Unstructured content indexing and handling

The information stored in unstructured content can be organized and stored from several locations, including the WebSphere Commerce database, in file systems of servers, and on the Internet. Therefore, the indexing process of unstructured content uses a hybrid of data sources to create indexing information using the existing WebSphere Commerce Search indexing framework.

Important: WebSphere Commerce Search indexes decrypted unstructured data by default. That is, processing encrypted data with WebSphere Commerce Search is not supported.
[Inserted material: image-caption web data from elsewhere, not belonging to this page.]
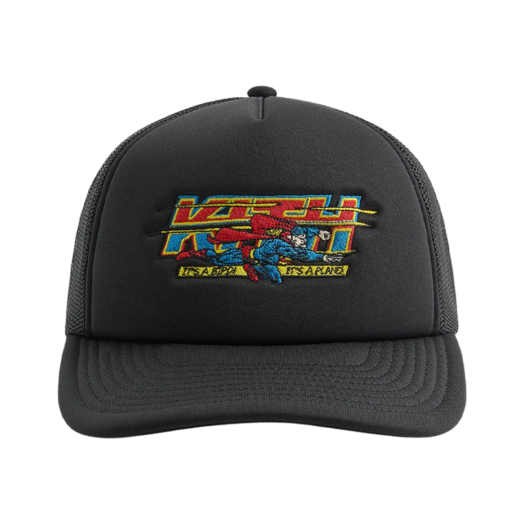 KHM051125-001 Kith x Superman Nolan Trucker Hat Black
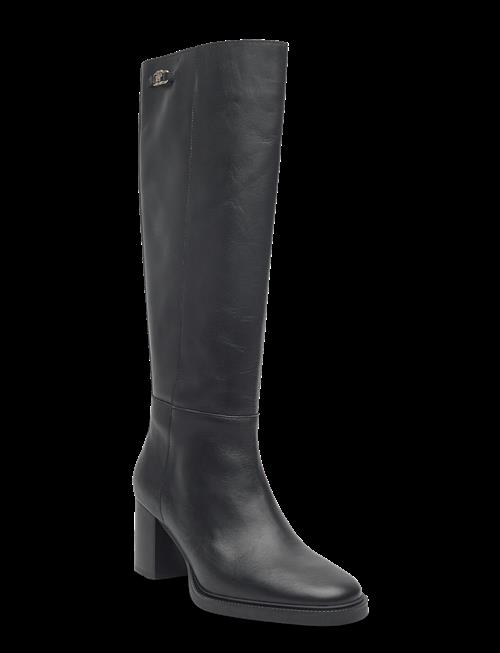 Tommy Hilfiger | Stacked Heel Leather Long Boot | 38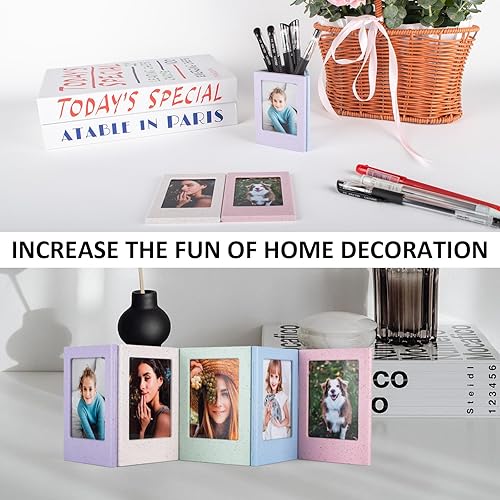 Vista 47 de Paquete de 8 mini marcos de fotos de 2 x 3 para Fuji Instax Mini de 3 pulgadas/Polaroid de 3 pulgadas, para pantalla de escritorio, marco de fotos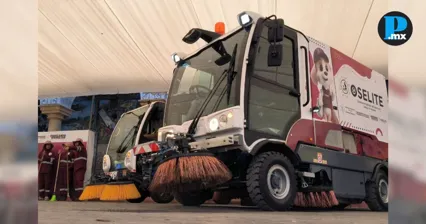 Avanza limpieza en Tehuac&aacute;n con dos nuevas barredoras
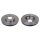 2 brake discs front axle ventilated Ø 278 mm 25 mm FTE for VOLVO V40 and others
Unstructured content organization and retrieval

Unstructured content includes catalog entry information and their associated attachments. WebSphere Commerce attachments are used to find the catalog entry related attachment for a specific language. Since not all attachments contain a language_id, the default behavior merges the null language_id results with the specific language_id results. For example, the following SQL statement results in this search:


SELECT ATCHREL.atchrel_id, CE.CATENTRY_ID, ATCHAST.atchast_id, ATCHTGT.identifier, ATCHTGTDSC.name, ATCHTGTDSC.shortdescription, ATCHTGTDSC.longdescription,
ATCHAST.atchastpath , STORE.directory, ATCHAST.directorypath, ATCHAST.mimetype, ATCHASTLG.language_id, ATCHRLUS.Image, ATCHRLUS.identifier rulename
FROM TI_CATENTRY_0 CE
JOIN ATCHREL ON ATCHREL.BIGINTOBJECT_ID = CE.CATENTRY_ID
JOIN ATCHOBJTYP ON (ATCHREL.ATCHOBJTYP_ID = ATCHOBJTYP.ATCHOBJTYP_ID AND ATCHOBJTYP.IDENTIFIER = 'CATENTRY')
LEFT JOIN ATCHTGT on (ATCHREL.atchtgt_id = ATCHTGT.atchtgt_id )
LEFT JOIN ATCHAST on (ATCHAST.atchtgt_id = ATCHTGT.atchtgt_id)
LEFT JOIN ATCHASTLG on (ATCHASTLG.atchast_id = ATCHAST.atchast_id)
LEFT JOIN ATCHTGTDSC on (ATCHTGTDSC.atchtgt_id = ATCHTGT.atchtgt_id AND ATCHTGTDSC.language_id=?language_id?)
JOIN ATCHRLUS ON (ATCHREL.ATCHRLUS_ID = ATCHRLUS.ATCHRLUS_ID)
LEFT JOIN STORE on (ATCHAST.storeent_id = STORE.store_id)
WHERE (ATCHASTLG.atchastlg_id is null or ATCHASTLG.language_id=?language_id?) order by ATCHREL.atchrel_id

Where the language_id is defined from the WebSphere Commerce table, -1 represents United States English and the catentry_id list is the input parameter. The result of the search contains the catentry_id, attachment path, attachment usage, and attachment description. The default attachment usage type list is DOCUMENTS, USERMANUAL, WARRANTY, and OTHER. For customization, these usage types are configurable to meet your specific search requirements.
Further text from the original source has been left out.